Task statement:
Reproduce the whole of the data exactly.

Exercise data:
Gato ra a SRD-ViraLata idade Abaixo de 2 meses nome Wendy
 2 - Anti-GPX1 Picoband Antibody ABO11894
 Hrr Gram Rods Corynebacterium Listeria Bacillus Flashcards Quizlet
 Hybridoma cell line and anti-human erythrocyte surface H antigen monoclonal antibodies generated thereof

Output:
Gato ra a SRD-ViraLata idade Abaixo de 2 meses nome Wendy
 2 - Anti-GPX1 Picoband Antibody ABO11894
 Hrr Gram Rods Corynebacterium Listeria Bacillus Flashcards Quizlet
 Hybridoma cell line and anti-human erythrocyte surface H antigen monoclonal antibodies generated thereof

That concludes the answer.